(Records for this task Opens)
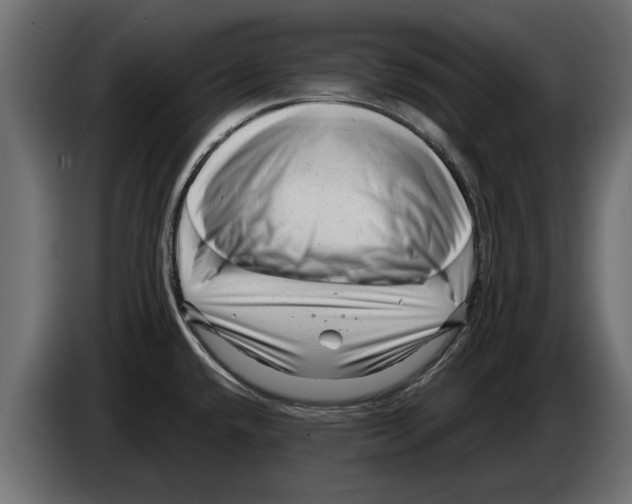 X0000082981432200703020247
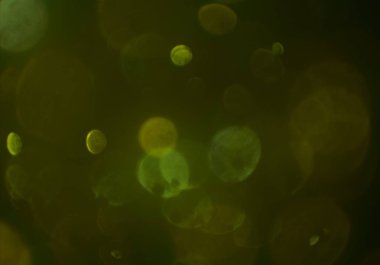 bokeh ve metin için alan ile soyut duvar kağıdı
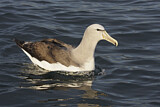 Image. Salvinalbatros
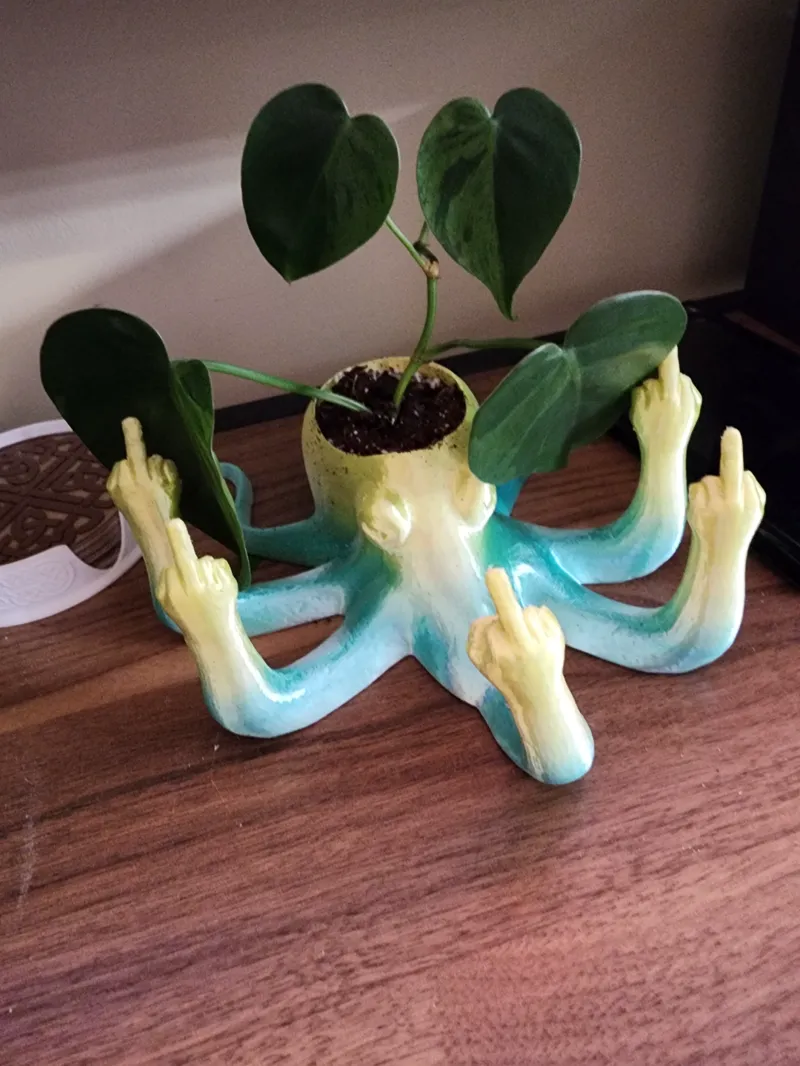 Rude Octopus planter with drain holes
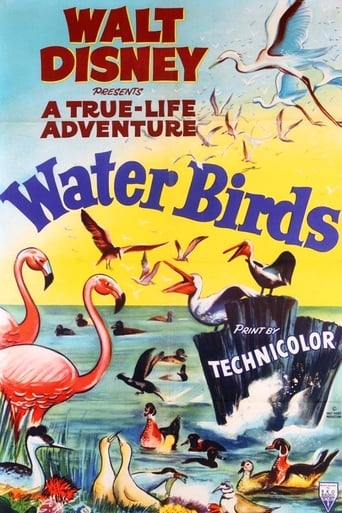 Water Birds Poster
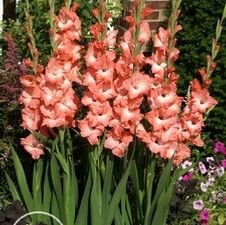 Gladiolus large flowering 'Lucky Number'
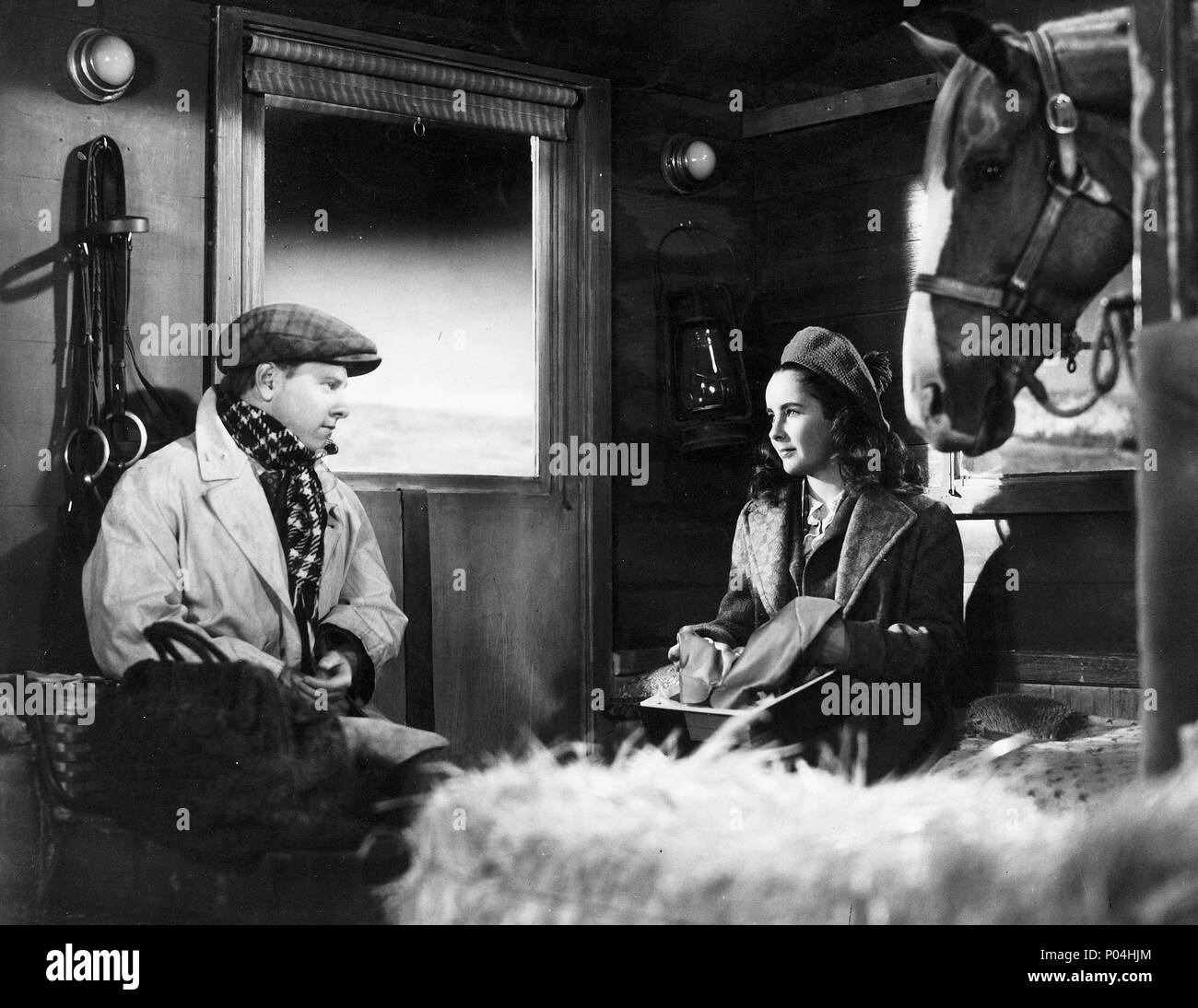 Original Film Title NATIONAL VELVET. English Title NATIONAL VELVET. Film Director CLARENCE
(Records for this task Closes)
> _Exercise instructions_: Each entry, word for word, belongs in your answer; each picture does not.

> _Answer box_:
 X0000082981432200703020247
 bokeh ve metin için alan ile soyut duvar kağıdı
 Image. Salvinalbatros
 Rude Octopus planter with drain holes
 Water Birds Poster
 Gladiolus large flowering 'Lucky Number'
 Original Film Title NATIONAL VELVET. English Title NATIONAL VELVET. Film Director CLARENCE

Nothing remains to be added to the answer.